Focus On: Employee Masterfile Allowances/Deductions
Managing regular allowances and deductions
The grid at the bottom of the screen is where you record all of an employee’s regular allowances and deductions. Let’s look at some of its features.
- You can assign a rate to any allowance and deduction and it will override the rate assigned against the pay element. For example, if the MEAL allowance rate is 15.247 in the pay elements masterfile, but you want to pay an employee a rate of $16.001, select MEAL from the Pay Element lookup but enter $16.001 as the rate. That way, you can track and report on the payment of MEAL but at a specific rate just for that employee.
- Cap At, Payments Made and Balance to Pay work together to track the value of deduction and allowance payments up to a specific value (known as the ‘cap’). Each time a pay is processed, payments made and the balance left to pay are automatically updated. Once the cap is reached, the payment stops. Handy for deductions like court fines, and fixed-term allowances.
- At its most basic level, the status of an allowance or deduction determines whether or not it is currently active or inactive (will or won’t get paid). You can also enter a start/stop date that controls when payments start and stop.
- Super and KiwiSaver deductions are also recorded in this grid. Use the Reference field to record the employee’s fund member number.
- Aside from Super and KiwiSaver, the Reference field can be used to store any information that identifies a payment to a third party such as Inland Revenue or the ATO.
Pay Elements That Determine Where Payments Are Banked
In this edition of Did You Know, we look at pay elements that control how and where employee payments are banked.
Adding 1 unit of ALLBAL to a timesheet or pay adjustment means that the entire payment will be paid into the employee’s balance bank account. An option to pay to the employee’s balance bank account is available when processing back payments. Note: when grouping pay adjustments or grouping timesheets, ALLBAL will only apply to payments in the same group.
Enter 99 units of BNKAC0 into a timesheet or pay adjustment to stop disbursements to the employee’s balance account and instead pay them in cash for this pay only. Note: shows as ‘CASH’ on the banking schedule.

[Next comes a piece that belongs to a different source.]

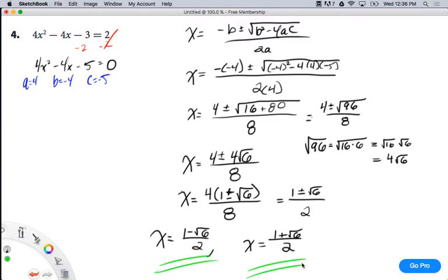Any questions on that? Quadratic formula, guys — obviously there are a lot of steps. But practice is key here. If you practice enough of these, it becomes almost arbitrarily simple because it's just the same things over and over again. You just have to memorize the formula, then plug it in and simplify. That's algebra stuff you've been doing for a while.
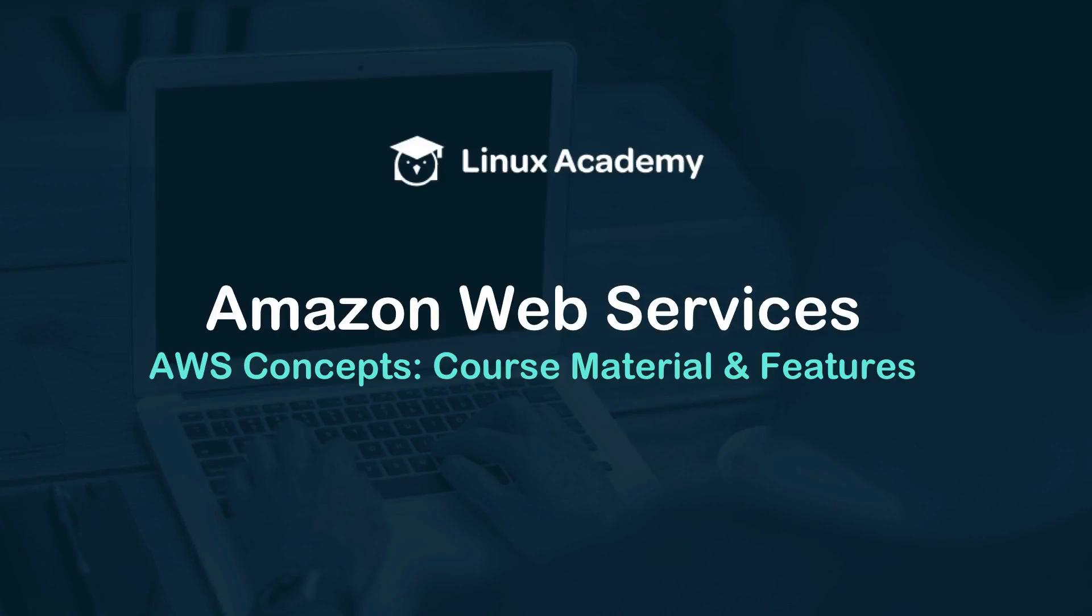Hello and welcome to this course on AWS concepts. In this particular video we're going to start out by talking about the course material and features here to help you learn and understand these concepts and study them if need be.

Add 99 units of BNKWKS to a timesheet or a pay adjustment to stop all disbursements that normally get paid into bank accounts 2 – 5, and instead pay everything into the employee’s balance bank account for this pay period. To pay multiple periods of all disbursements that normally get paid into bank accounts 2 – 5 for this pay period, add X units of BNKWKS to the timesheet or pay adjustment (X = the number of periods). For example, if a total of $100.00 is normally paid into bank accounts 2 – 5 in a single period, 2 units of BNKWKS will pay $200.00.
If you enter 1 unit of NOBNKD into a timesheet or type 2 pay adjustment, deductions that are normally direct-credited will be deducted from the employee but won’t be banked this period.
When Australian and New Zealand employees are terminated, TERMBL is automatically added to their pay adjustment. TERMBL ignores all other bank accounts and pays the employee’s net termination payment into an employee’s balance bank account.
Coming Soon: myPA Enhancements
You asked, we listened. Affinity myPA is now smarter and more automated than ever. We’ve kept the look and feel the same, but added extra goodies to make your work life easier.
Fully integrated with Query Manager
Got queries and reports all ready to share? Simply select and send in myPA.
Export information to a SFTP folder
You’ll soon be able to send data extracts straight to one of your organisation’s secure FTP folders.
Target the right audiences
The new myPA will let you send alerts, events and reminders to employees based on their position or their employment status (active, inactive), as well as to individual employees. There are also more options for distributing information to managers.